The words, 'Are you all right?' came out of January's mouth even as he thought: that's the stupidest question I've ever heard.

Wildman blinked at him, like a man thrust suddenly into light from darkness. 'I'm well.'

Shaw lowered his rifle. 'You didn't look so peart last night.'

The trapper shook his head. His short-cropped hair, January noticed, was clean, new-washed, still wet, and under his tan he was ghastly pale. His slow, mumbling voice had a hoarse note to it, as if indeed his throat had been lacerated by screams. 'Nothing happened last night.'

'Here? This very spot? The Blackfeet?'

'The Blackfeet are my friends,' said Wildman. 'Silent Wolf is my brother.'

'Now, there's been times I wanted to stick splinters under my brother's hide an' light 'em,' said Shaw, 'but I don't recall as I ever actually done it—'

'Nothing happened last night,' repeated Wildman.

Shaw, January and young Mr Frye exchanged looks - are we crazy?

The big trapper seated himself cross-legged by the fire again, picked up one of the gourds and sipped at the broth within. 'What are you doing here?' he asked, in a voice that sounded more normal. 'It's miles from camp.'

'What are you doin' here?' returned Shaw.

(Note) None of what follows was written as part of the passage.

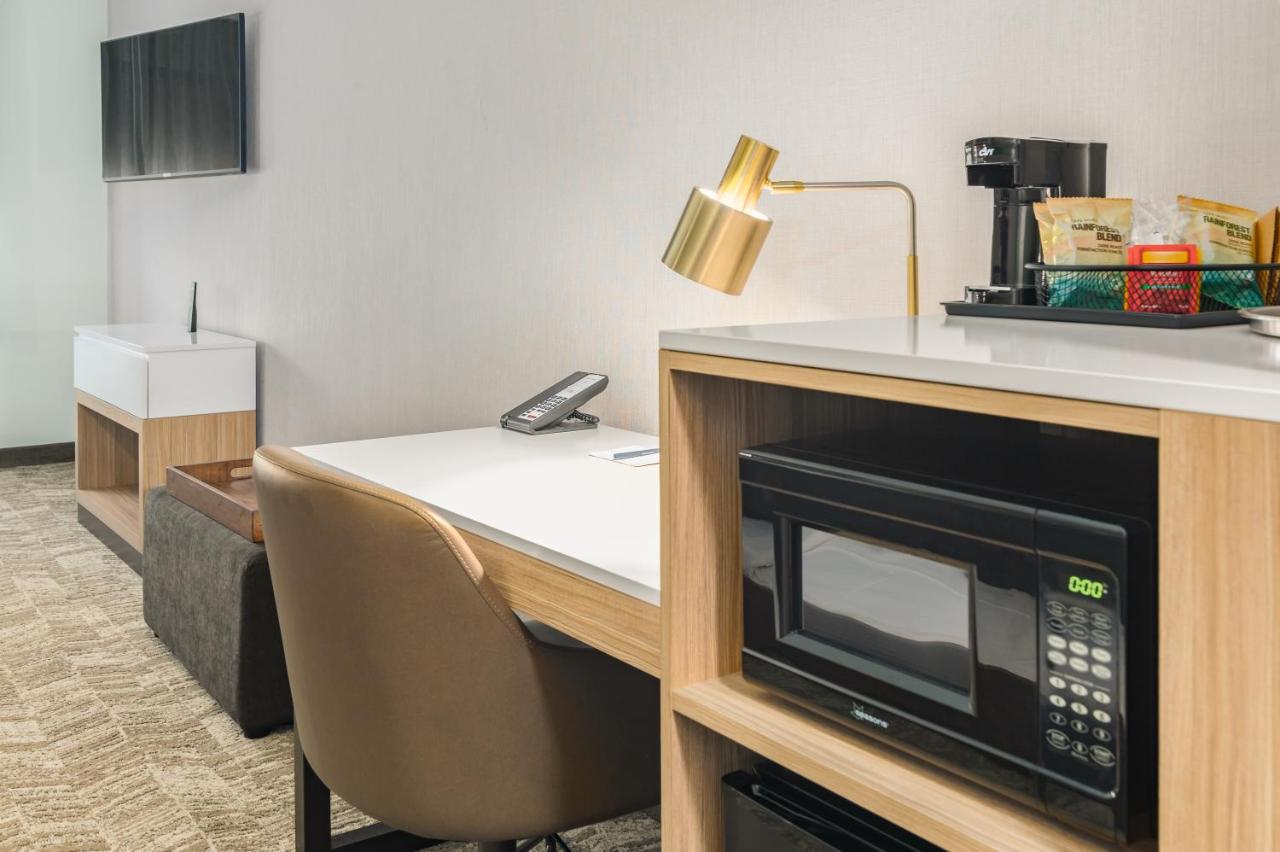 | Hotel 44 North Freeport Brunswick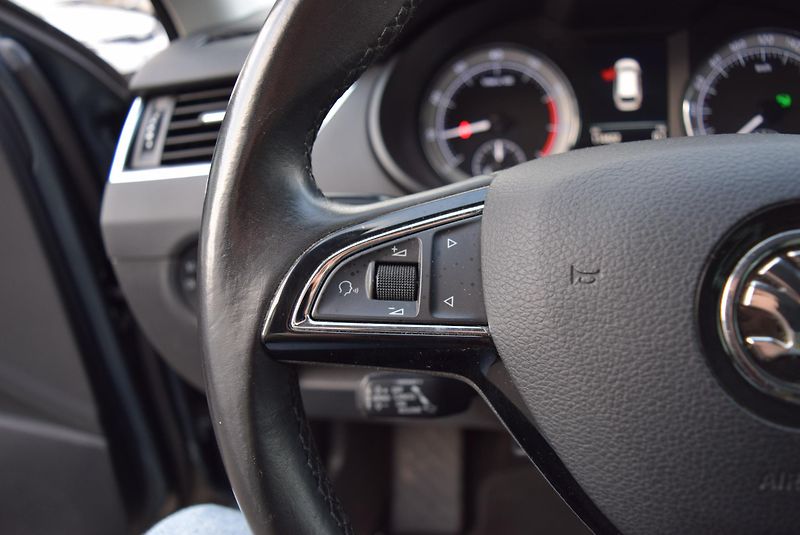 Škoda Octavia (2020) 1.5TSI 110kw AMBITION DSG KAM - fotka 29 z 44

'Came to see my brothers.' Manitou nodded in the direction of the stream, where two horses and a mule were hobbled - Manitou's horses, January saw at a glance. Like himself, the mountaineer was a big man and paid extra for the biggest horses in the strings brought up from Missouri and New Mexico. 'Silent Wolf knows it'd be madness to attack his enemies where the white men are in strength,' Manitou went on. 'But it's madness not to know what's going on. Sit.' He motioned to the ground by the fire. 'There's more stew here than I can eat.'

After a moment's hesitation - and another glance traded - the four trackers complied. In the mountains, you didn't turn down stew, and after tracking from sunrise to darkness yesterday January would have eaten raw buffalo with the hair on. Shaw said, 'There was a man killed outside the camp three nights ago, a stranger—'

'I didn't do it,' said Wildman quickly. 'I never saw the old man.' And then, 'Three nights?'

'How'd you know he was old?'

Hesitation. Then, 'One of the camp-setters told me.'

January opened his mouth to ask: when? You haven't been in camp since then— and Shaw elbowed him very gently in the back.

'He tell you the body was nekkid when we found him? We been trackin' down bits an' pieces of his plunder, tryin' to find out who he was an' what he was doin' out there. McLeod an' that preacher Grey been claiming he was this Indian Agent Goodpastor, that seems to have got hisself lost.'

Manitou's heavy brow sank even lower over his eyes. 'No,' he said in his slow voice. 'No, I didn't know ghouls had looted his body.' His glance swept over Frye's waistcoat, and Clarke's boots, and spots of angry color began to spread like wounds over the dark, taut skin of his cheekbones.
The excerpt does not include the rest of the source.